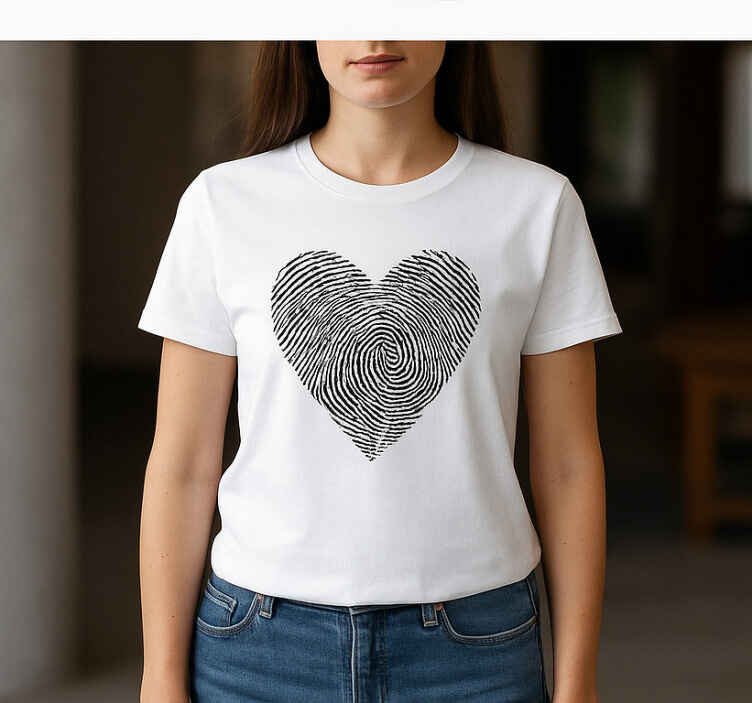 Personalized heart fingerprint t-shirt - TenStickers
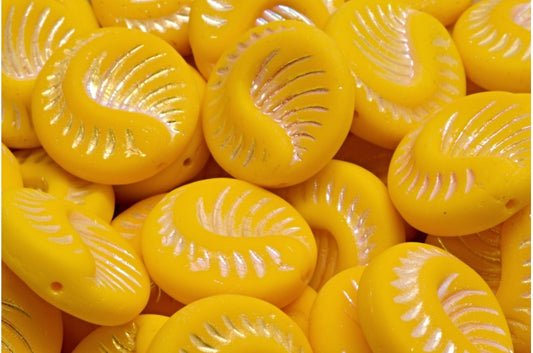 OUTLET 10 grams Fossil Coin Beads, 19 x 19 mm, Opaque Yellow Ab Full (2X Side) Matte (93110-28703-84100), Glass, Czech Republic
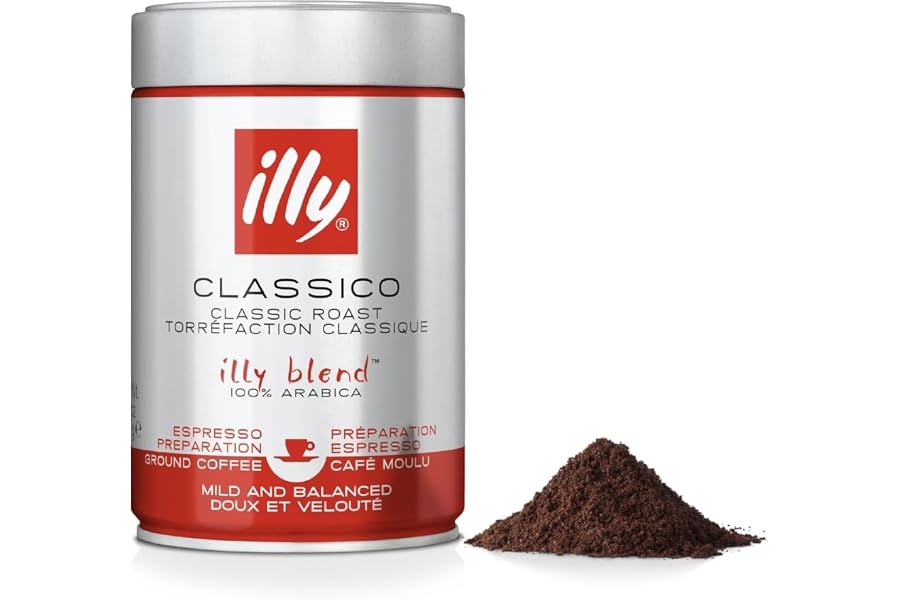 illy, Café Molido Espresso de Tueste CLASSICO, 100% Arábica con Notas de Azahar y Jazmín, Sabor Suave y Sabor Final Dulce, 1 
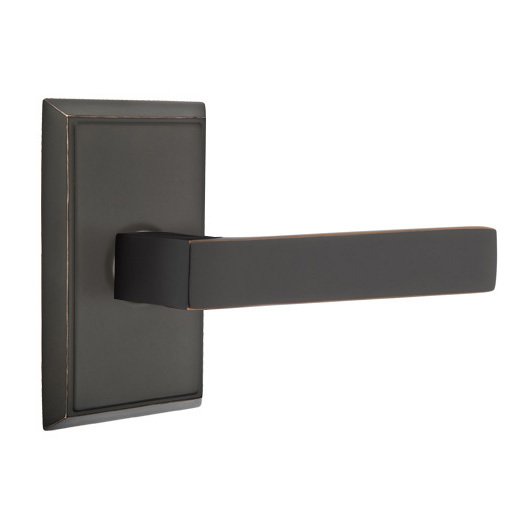 Emtek Passage Dumont Right Handed Lever and Rectangular Rose in Oil Rubbed Bronze with Concealed Screws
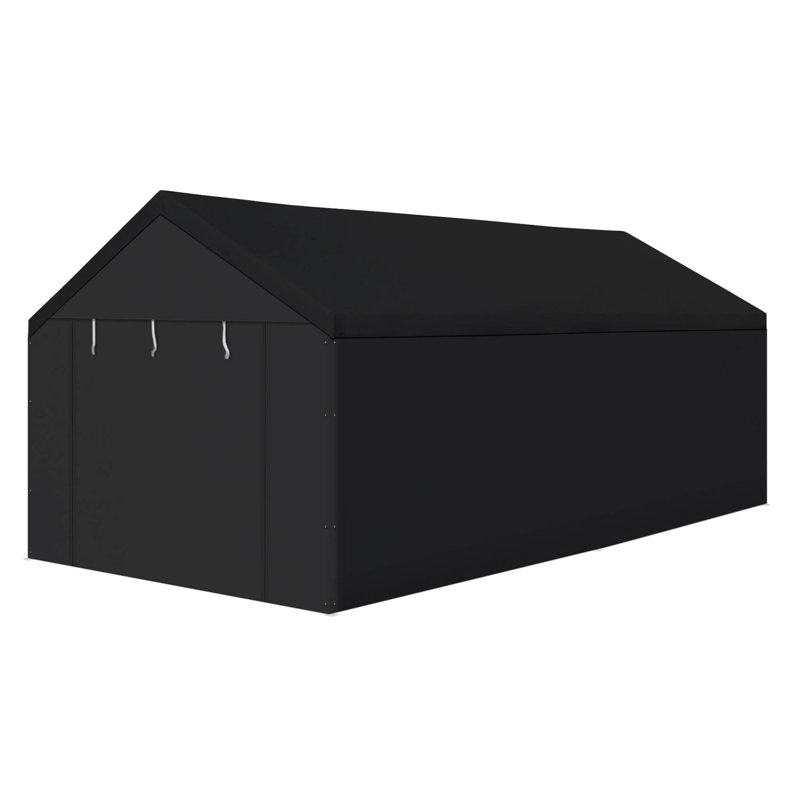 Black 10x20 Vinyl Peak Roof Carport Canopy with Sidewalls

=====

[EXERCISE AIM]
Return all entries preceding this task exactly as they stand, leaving any picture out.

[OUTPUT BELOW]
 Personalized heart fingerprint t-shirt - TenStickers
 OUTLET 10 grams Fossil Coin Beads, 19 x 19 mm, Opaque Yellow Ab Full (2X Side) Matte (93110-28703-84100), Glass, Czech Republic
 illy, Café Molido Espresso de Tueste CLASSICO, 100% Arábica con Notas de Azahar y Jazmín, Sabor Suave y Sabor Final Dulce, 1 
 Emtek Passage Dumont Right Handed Lever and Rectangular Rose in Oil Rubbed Bronze with Concealed Screws
 Black 10x20 Vinyl Peak Roof Carport Canopy with Sidewalls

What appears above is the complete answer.